Todo Gobierno, por nuevo que sea, se ha de desenvolver dentro de la armadura preconcebida del Estado. Se llega y se encuentra un tinglado de elementos estructurales y un modus operandi del sistema institucional, económico y social, consignados constitucionalmente en leyes, reglamentos y normas que el gobierno debe cumplir. Son el terreno y las reglas de juego; es lo que podemos llamar el Sistema.
Por otro lado, se encuentra la necesidad del cambio. Las promesas de campaña, el programa y las metas establecidas constituyen un conjunto de objetivos que imprimen propósito al accionar del nuevo gobierno. Y, precisamente porque el gobierno está de estreno, es natural que la sociedad esté más pendiente de las dinámicas que promueven el cambio que de aquellas que reclaman un alineamiento con el sistema.
Aquí es donde a las autoridades les corresponde establecer el equilibrio entre el apego al sistema y la motorización del cambio. Si, con exceso de comedimiento, se siguen los trillos designados por las estructuras tradicionales del Estado, se corre el riesgo de decepcionar rápidamente a la población. Si, por el contrario, se cede con facilidad a un afán renovador que no deje santo sin remover de su altar, se estaría atentando contra la gobernabilidad y la estabilidad del sistema con todas las consecuencias que esto puede acarrear.

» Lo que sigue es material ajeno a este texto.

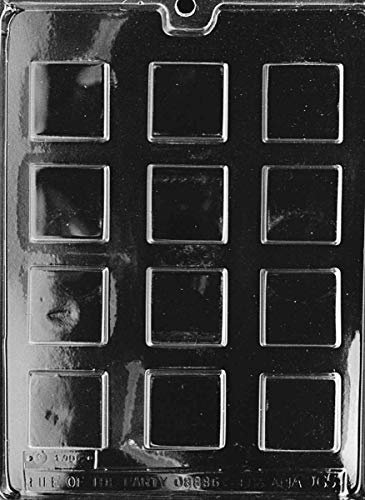 Grandmama's Goodies AO065 Plain Square Mint Chocolate Candy Soap Mold with Exclusive Molding Instructions … (1)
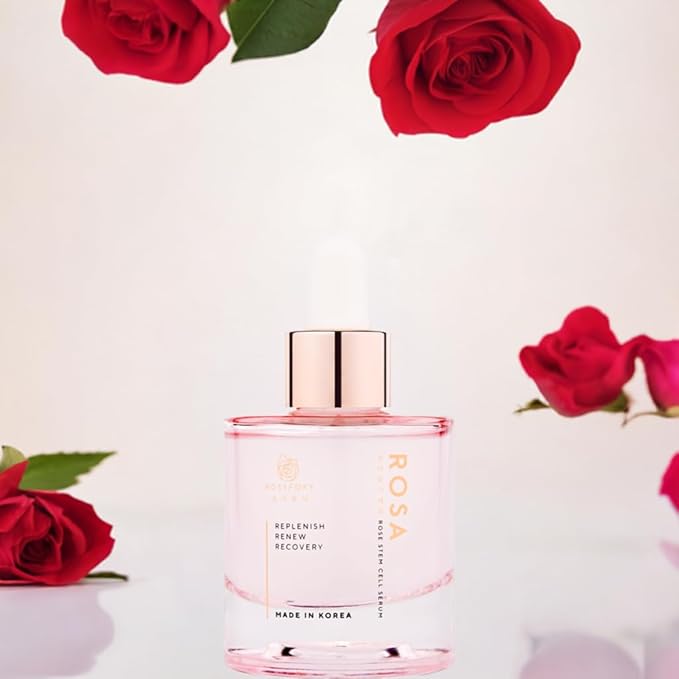 RosyFoxy Rosa Hyaluronic Acid Serum for Face, Rejuvenating Collagen Serum for Fine Lines and Wrinkles, Hydrating, Even Toning, Suitable for All Skin Type including Sensitive - 30 mL - Made in Korea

No obstante, el gobierno tiene metas y compromisos con la sociedad que ha de cumplir. Las expectativas se han cifrado altas. Los equipos gubernamentales están llamados a priorizar los objetivos de la gestión y a trazar un plan estratégico, un mapa, si se quiere, que permita organizar las acciones de manera que el gobierno pueda ejecutar su plan dentro de las estructuras que provee el Estado con transparencia, eficacia y eficiencia. Sería lo que podemos denominar, una transformación con equilibrio.